[cairo] gobject boxed types
Behdad Esfahbod
behdad at behdad.org
Sun Sep 14 21:49:11 PDT 2008
Colin Walters wrote:
> Here is a patch, should apply to the latest git.
I also like to see gobject enum types for cairo.
Also, should the type names be CairoContext-like or simply cairo_t? If this
is going to be used by introspection stuff, CairoContext sounds correct.
Vladimir Vukicevic wrote:
> Hmm.. my biggest problem with this is that it's essentially putting a
> language binding into Cairo -- a binding to the glib type system. No
> other language binding is present inside Cairo. However, I do
> understand that there are a lot of glib-using projects for which this
> would be beneficial. Why not put this in an entirely separate (and
> simple) cairo-glib library? That gives glib-using projects something
> clear to link with, and it avoids the dependency problems that Luiz
> and others have mentioned.
Another pro argument here is that glib bindings like the one proposed are
meta-bindings, enabling automatic binding of cairo types to various languages.
As it stands [1], the proposed cairo-glib feature/library may also include
typelib data needed for glib introspection framework to automatically bind
cairo to supporting languages. That saves quite some work of writing manual
bindings for cairo which is the case now.
[1] http://live.gnome.org/GObjectIntrospection/CairoProblem
Colin Walters wrote:
> Right; we can do that, the reason I wanted to try this first though is
> because the cairo-glib library would right now be entirely composed of
> six 4 line functions to register types.

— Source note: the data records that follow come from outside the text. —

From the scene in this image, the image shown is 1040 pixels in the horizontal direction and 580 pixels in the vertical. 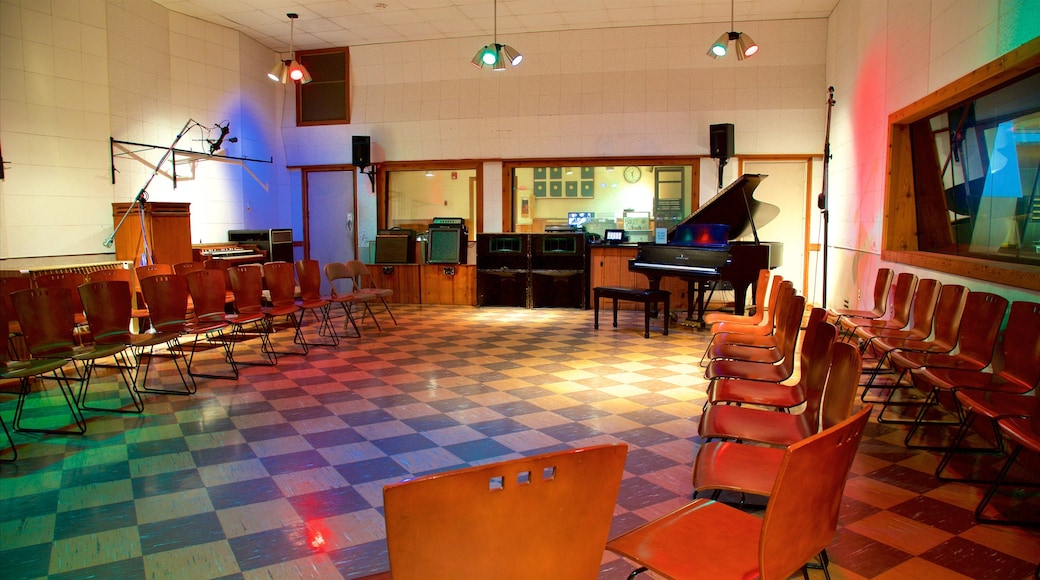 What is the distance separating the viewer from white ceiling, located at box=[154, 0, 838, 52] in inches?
345

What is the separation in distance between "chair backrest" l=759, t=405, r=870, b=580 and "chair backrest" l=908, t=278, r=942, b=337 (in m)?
3.52

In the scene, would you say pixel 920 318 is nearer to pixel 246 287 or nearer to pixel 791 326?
pixel 791 326

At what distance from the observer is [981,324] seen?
3727 mm

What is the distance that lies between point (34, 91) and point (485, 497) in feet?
27.2

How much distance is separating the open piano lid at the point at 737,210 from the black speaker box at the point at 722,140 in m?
2.07

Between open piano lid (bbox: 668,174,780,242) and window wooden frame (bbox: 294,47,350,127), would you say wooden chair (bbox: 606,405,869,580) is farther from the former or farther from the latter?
window wooden frame (bbox: 294,47,350,127)

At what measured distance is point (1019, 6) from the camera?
3910mm

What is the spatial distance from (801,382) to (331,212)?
9.98 meters

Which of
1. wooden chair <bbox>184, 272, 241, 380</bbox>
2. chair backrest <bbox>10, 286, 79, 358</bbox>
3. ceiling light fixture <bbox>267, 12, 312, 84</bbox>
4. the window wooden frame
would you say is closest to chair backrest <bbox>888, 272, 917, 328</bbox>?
wooden chair <bbox>184, 272, 241, 380</bbox>

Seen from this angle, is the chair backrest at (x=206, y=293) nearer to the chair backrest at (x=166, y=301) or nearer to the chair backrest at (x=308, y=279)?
the chair backrest at (x=166, y=301)

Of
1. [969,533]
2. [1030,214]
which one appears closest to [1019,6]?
[1030,214]

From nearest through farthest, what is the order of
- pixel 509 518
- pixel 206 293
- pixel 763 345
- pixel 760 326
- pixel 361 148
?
pixel 509 518, pixel 763 345, pixel 760 326, pixel 206 293, pixel 361 148

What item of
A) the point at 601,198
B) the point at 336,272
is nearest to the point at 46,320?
the point at 336,272

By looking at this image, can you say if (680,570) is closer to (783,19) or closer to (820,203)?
(820,203) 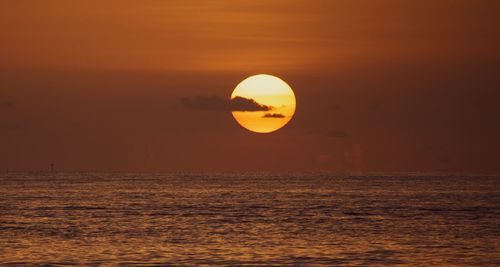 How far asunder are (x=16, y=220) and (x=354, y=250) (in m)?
42.8

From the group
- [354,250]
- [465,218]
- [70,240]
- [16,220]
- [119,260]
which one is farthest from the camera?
[465,218]

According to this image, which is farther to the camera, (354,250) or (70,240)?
(70,240)

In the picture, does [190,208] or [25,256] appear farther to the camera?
[190,208]

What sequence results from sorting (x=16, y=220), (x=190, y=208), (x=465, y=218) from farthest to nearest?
(x=190, y=208)
(x=465, y=218)
(x=16, y=220)

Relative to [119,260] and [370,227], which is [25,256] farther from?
[370,227]

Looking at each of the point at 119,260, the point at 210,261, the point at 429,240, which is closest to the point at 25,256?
the point at 119,260

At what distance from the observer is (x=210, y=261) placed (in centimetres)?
5494

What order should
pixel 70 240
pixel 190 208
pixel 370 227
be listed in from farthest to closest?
pixel 190 208 → pixel 370 227 → pixel 70 240

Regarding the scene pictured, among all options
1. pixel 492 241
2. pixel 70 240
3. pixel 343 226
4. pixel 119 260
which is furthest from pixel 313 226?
pixel 119 260

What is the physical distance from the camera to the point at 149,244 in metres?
64.3

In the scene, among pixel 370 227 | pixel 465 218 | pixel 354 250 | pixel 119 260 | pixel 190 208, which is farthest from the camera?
pixel 190 208

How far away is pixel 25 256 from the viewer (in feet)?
185

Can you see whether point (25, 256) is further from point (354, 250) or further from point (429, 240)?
point (429, 240)

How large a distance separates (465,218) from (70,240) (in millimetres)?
47288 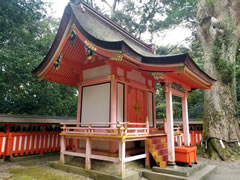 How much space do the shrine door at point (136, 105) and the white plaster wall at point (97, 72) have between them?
1162 millimetres

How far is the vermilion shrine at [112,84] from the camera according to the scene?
16.3 ft

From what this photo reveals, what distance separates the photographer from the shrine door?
6860 mm

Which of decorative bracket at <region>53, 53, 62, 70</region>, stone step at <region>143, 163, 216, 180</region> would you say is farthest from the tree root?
decorative bracket at <region>53, 53, 62, 70</region>

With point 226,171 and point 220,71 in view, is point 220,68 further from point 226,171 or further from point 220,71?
point 226,171

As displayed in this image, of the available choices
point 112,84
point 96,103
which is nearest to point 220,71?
point 112,84

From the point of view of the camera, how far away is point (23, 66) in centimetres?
977

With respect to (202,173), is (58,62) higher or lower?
higher

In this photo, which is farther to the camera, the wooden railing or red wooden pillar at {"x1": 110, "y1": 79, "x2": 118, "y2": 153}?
red wooden pillar at {"x1": 110, "y1": 79, "x2": 118, "y2": 153}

It will quickly grow into two digit numbers, but I expect it to stay very low
at that.
> Actually I just had a random thought - what about putting this code
> into pangocairo? All of Gtk+, GooCanvas, HippoCanvas and Clutter
> depend on Pango, and Pango depends on both cairo and gobject. It's a
> bit of an odd fit but the dependency graph would remain unchanged.

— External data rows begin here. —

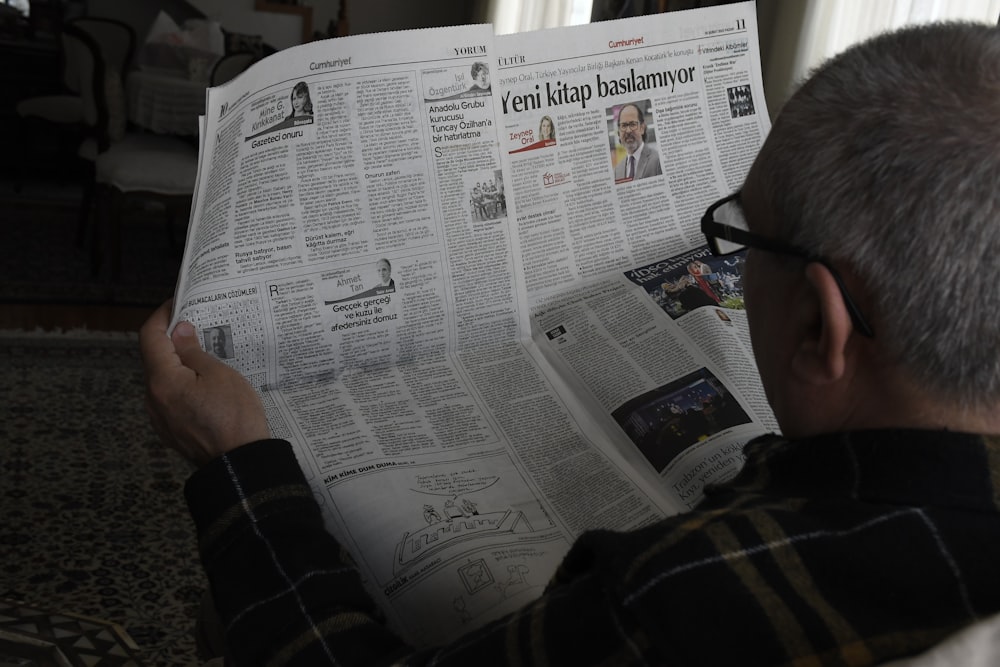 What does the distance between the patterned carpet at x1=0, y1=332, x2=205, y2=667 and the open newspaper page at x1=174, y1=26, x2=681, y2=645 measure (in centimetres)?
74

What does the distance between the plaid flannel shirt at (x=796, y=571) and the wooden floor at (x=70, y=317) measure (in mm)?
2495

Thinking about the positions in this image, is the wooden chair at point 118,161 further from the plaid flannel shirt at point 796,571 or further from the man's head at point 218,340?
the plaid flannel shirt at point 796,571

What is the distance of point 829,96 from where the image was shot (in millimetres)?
437

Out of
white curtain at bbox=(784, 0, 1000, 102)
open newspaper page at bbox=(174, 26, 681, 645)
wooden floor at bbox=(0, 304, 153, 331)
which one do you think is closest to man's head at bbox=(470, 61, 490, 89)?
open newspaper page at bbox=(174, 26, 681, 645)

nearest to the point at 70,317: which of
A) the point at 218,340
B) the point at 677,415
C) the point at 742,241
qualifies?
the point at 218,340

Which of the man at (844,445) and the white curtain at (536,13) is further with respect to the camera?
the white curtain at (536,13)

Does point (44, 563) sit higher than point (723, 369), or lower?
lower

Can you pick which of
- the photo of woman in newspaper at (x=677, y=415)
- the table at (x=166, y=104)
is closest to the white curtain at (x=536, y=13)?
the table at (x=166, y=104)

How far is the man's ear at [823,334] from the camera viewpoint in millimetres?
440

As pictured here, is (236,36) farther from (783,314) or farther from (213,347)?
(783,314)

I had thought about that before [2]. I religiously hate that solution. So
that's not gonna happen :).
[2] http://bugzilla.gnome.org/show_bug.cgi?id=502920
Havoc Pennington wrote:
> cairo-glib seems a bit like shooting a squirrel with a bazooka, in
> terms of adding another tarball someone has to release and adding more
> overhead to symbol lookups in all apps.
libcairo-glib.so can be installed from the cairo tarball. Separate library
doesn't mean separate tarball. I'm in favor of this solution right now.
Remains a penalty of one dirty page per process of course.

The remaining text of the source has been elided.